It isn’t the best of times for the American Arctic and let me explain why.
The world is in the midst of an oil glut. In the last year, oil prices bottomed out before rising modestly. A NASA study just offered the news that a massive ice shelf in Antarctica, half the size of Rhode Island, will disintegrate by 2020, and not so long ago Science magazine reported that the melting of that region’s ice sheets is proceeding far faster than expected. Sayonara, Miami Beach! All of this, of course, is happening thanks to the burning of fossil fuels. In March, the Obama administration responded to such a world by preparing the way for a rather familiar future. It lifted a ban on drilling for oil and gas off the U.S. southern Atlantic coast, opening those waters and their untapped four billion barrels of oil and 37 trillion cubic feet of gas to future drilling. Then, less than two weeks ago, the Interior Department green-lighted Shell Oil, a company with a memorably bleak record of exploration and disaster in the Arctic, to launch this country into a drill-baby-drill future in northern waters.
If Shell gets all its other permits in place, it will begin drilling this summer in the Chukchi Sea off the Alaskan coast. This will happen under what might be some of the worst weather conditions on the planet in an area “prone to hurricane-force storms, 20-foot swells, pervasive sea ice, [and] frigid temperatures.” We’re talking, of course, about another four billion barrels of potentially exploitable oil just in that region, which is also a sanctuary for whales, polar bears, and other species that have no vote in this matter. Subhankar Banerjee put the environmental problem in a nutshell (or perhaps an ice cube) at this site back in March in a piece aptly titled “Arctic Nightmares.” Of the dangers of letting Shell loose in those waters, he wrote, “Just think of the way the blowout of one drilling platform, BP’s Deepwater Horizon, devastated the Gulf of Mexico. Now, imagine the same thing happening without any clean-up help in sight.” Keep in mind that this sort of far north drilling can only go on because the past drilling and burning of fossil fuels has helped melt Arctic sea ice and open up its potentially vast energy reserves to exploitation. It’s a little like watching the proverbial snake eat its tail.
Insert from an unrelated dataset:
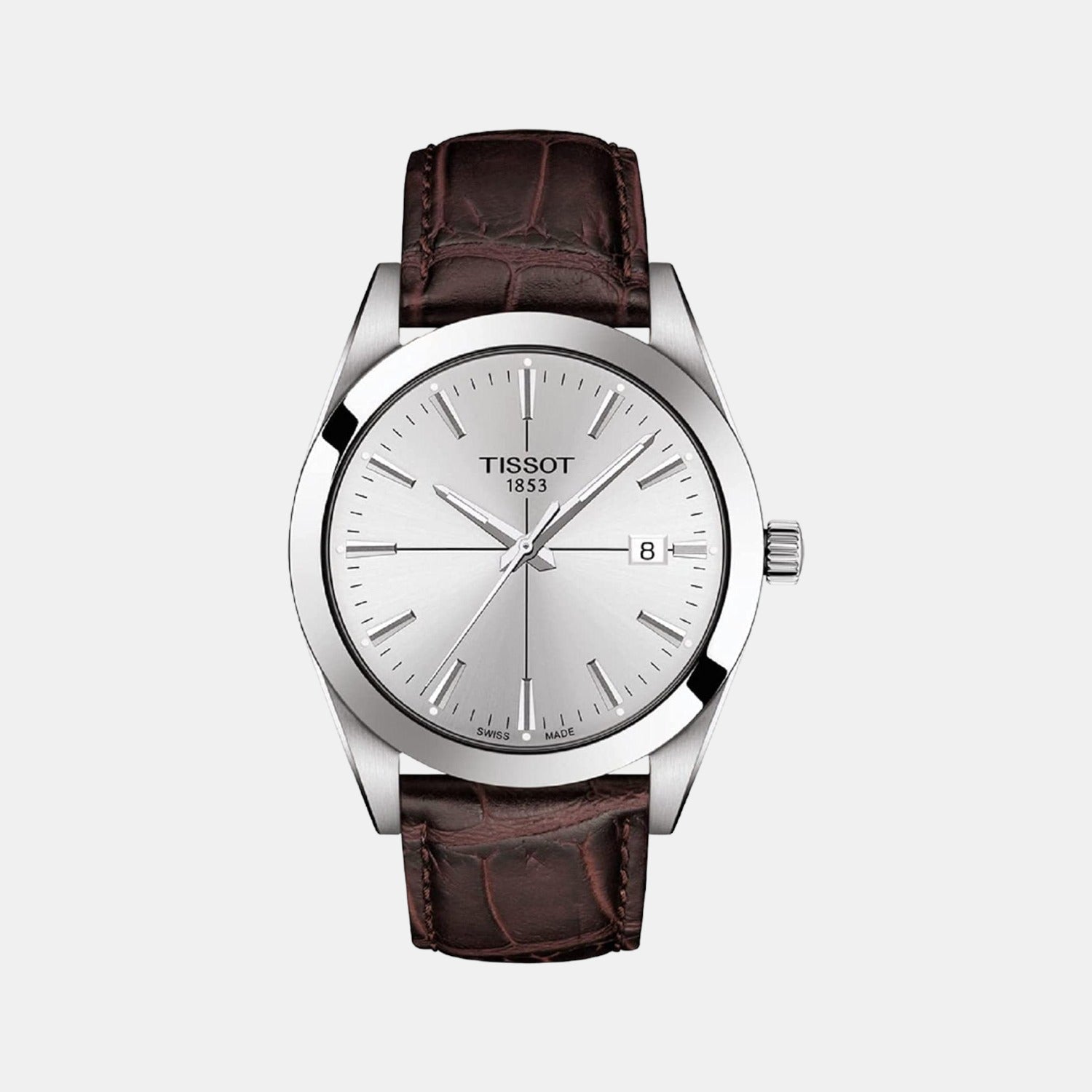 Tissot Gentleman Men Quartz Silver Dial Analog Leather Watch T1274101603101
So, thanks to our environmental president, things look bad off Alaska. And as TomDispatch regular Dahr Jamail reports, in June they’re about to get significantly worse. The U.S. Navy is arriving in the Gulf of Alaska big time — and we’re not talking about the cavalry riding to the rescue here. In waters that are starting to seem like Grand Central Station, that service is planning to launch massive war games with a new set of potentially deleterious effects on those seas and what lives in them. But let Jamail explain. Note that this is a joint project of TomDispatch and Truthout, the invaluable website where he now works. Tom Engelhardt
Destroying what remains
How the U.S. Navy plans to war game the Arctic
By Dahr Jamail
I lived in Anchorage for 10 years and spent much of that time climbing in and on the spine of the state, the Alaska Range. Three times I stood atop the mountain the Athabaskans call Denali, “the great one.” During that decade, I mountaineered for more than half a year on that magnificent state’s highest peaks. It was there that I took in my own insignificance while living amid rock and ice, sleeping atop glaciers that creaked and moaned as they slowly ground their way toward lower elevations.
Alaska contains the largest coastal mountain range in the world and the highest peak in North America. It has more coastline than the entire contiguous 48 states combined and is big enough to hold the state of Texas two and a half times over. It has the largest population of bald eagles in the country. It has 430 kinds of birds along with the brown bear, the largest carnivorous land mammal in the world, and other species ranging from the pygmy shrew that weighs less than a penny to gray whales that come in at 45 tons. Species that are classified as “endangered” in other places are often found in abundance in Alaska.
Now, a dozen years after I left my home state and landed in Baghdad to begin life as a journalist and nine years after definitively abandoning Alaska, I find myself back. I wish it was to climb another mountain, but this time, unfortunately, it’s because I seem increasingly incapable of escaping the long and destructive reach of the U.S. military.